Space-ng's Sol3 hardware and software ecosystem, including the HDK and SDK, will be on display at the 39th Annual Small Satellite Conference in Salt Lake City, UT, August 10-13, 2025, at Space-ng Booth #2437. Attendees at the 39th Small Satellite Conference will include Space-ng Co-Founder and Chief Engineer Steve Bailey.
Space-ng provides advanced computer vision systems such as the Vision Navigation System (VNS) software for terrain relative navigation, hazard detection, and attitude determination used by Firefly Aerospace's fully successful Blue Ghost Mission 1 (BGM1). Space-ng has completed spaceflight qualification testing for the Sol3 Vision System, with the first flight articles scheduled for delivery in Q3 of 2025. Sol3 was developed by Space-ng to host the powerful software that will drive next-generation computer vision applications for space systems, the equivalent of level 5 self driving for autonomous spacecraft.
Sol3 Vision System
Sol3 is an integrated hardware and software computer vision system for space. The Sol3 hardware consists of a powerful low-SWAP computer, the Base Unit, that controls up to 12 remote high-resolution Camera Modules. Sol3 is a user-programmable software-defined system with support for hardware-accelerated image processing and compute workloads. The Sol3 ecosystem includes the flight, ground, simulation, test, and operations hardware and software necessary to support computer vision and imaging systems for space applications, including optical navigation, lunar landing, autonomous rendezvous, proximity operations, manufacturing, assembly, servicing, and space situational awareness.
Sol3 HDK
Space-ng has developed a version of Sol3 hardware to support rapid prototyping, engineering development, and pre and post integration testing in earth-based lab and field environments. The HDK consists of a rugged air-cooled Base Unit which can support up to 12 rolling or global shutter HDK Camera Modules. The Sol3 HDK is identical in functionality, performance, and similar in size, to the Sol3 flight hardware, substituting commercial parts and connectors to keep the cost low. Access to flight like hardware for your team is no longer a barrier. The HDK Base unit is priced at $5K, with HDK Camera Modules starting at $1K, power supply and harnesses included!
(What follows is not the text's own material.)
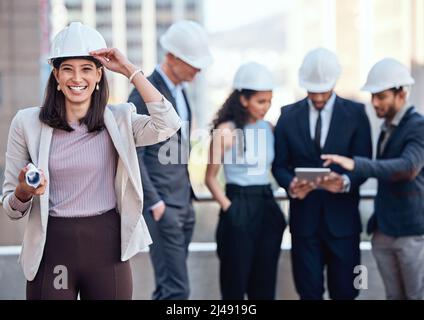 My team and I are ready to get your project started. Shot of a businesswoman wearing a hardhat while standing outside with her colleagues. Stock Photo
Fast Track from Innovation to Integration
Flight-like hardware development environments are often expensive, long lead, difficult to work with, and scarce. This choke point in flight hardware and software integration can persist late into development, where changes become ever more costly. The Sol3 HDK and SDK break this cycle. It's a complete, integration-ready platform designed to bring autonomy prototypes into flight-relevant environments, fast. Backed by software already in use for lunar landing, navigation, and proximity ops, the HDK lets your team:
- Drop into flight-like test loops with FSW, GNC, and Payload code examples.
- Run full workflows from your laptop in hours, not weeks or months.
- Build with confidence using well-documented, mission-proven software primitives.
The Sol3 HDK and SDK put a high-fidelity toolset in the hands of engineers early in development, so they can validate mission Con-Ops and mission & system requirements, and accelerate verification of critical flight system functionality and performance.
From Field Experiments to TRL9
The compute and sensor stack at the heart of the HDK is identical to Space-ng's Sol3 EDU and Flight units, streamlining your development process through PDR, CDR, IRR, and TRR. "The main difference between the HDK and our Flight Units is the use of commercial connectors and non-space-grade parts" – Steve Bailey, Chief Engineer and Cofounder of Space-ng. "By ordering the HDK and using the SDK you can jump start development, explore the power of the Sol3 architecture, and move confidently into system level integration and testing."
A Paradigm Shift in Flight Software Development
Sol3 represents a step change in onboard compute and sensor capability compared to current spacecraft architectures. Space-ng is releasing the Sol3 SDK to enable users to implement software that can take full advantage of this hardware capability to unlock advanced computer vision and autonomous use cases. This is the same software that Space-ng uses internally to develop and support lunar navigation and landing. "To deploy state-of-the-art navigation algorithms, we need access to a GPU, neural accelerator, hardware encoding, high bit depth high resolution imagery, tightly integrated IMUs, and modern environments (C++20, linux, containers), and open source software (GTSAM, ceres-solver, opencv, Eigen, pytorch). We want our partners and customers to innovate alongside us and have access to the same tools the Space-ng team is using every day." – Ethan Rublee, CEO and Co-founder of Space-ng. "We're releasing our SDK, free for academic research and non-commercial use, to empower our community to build the next generation of space flight software."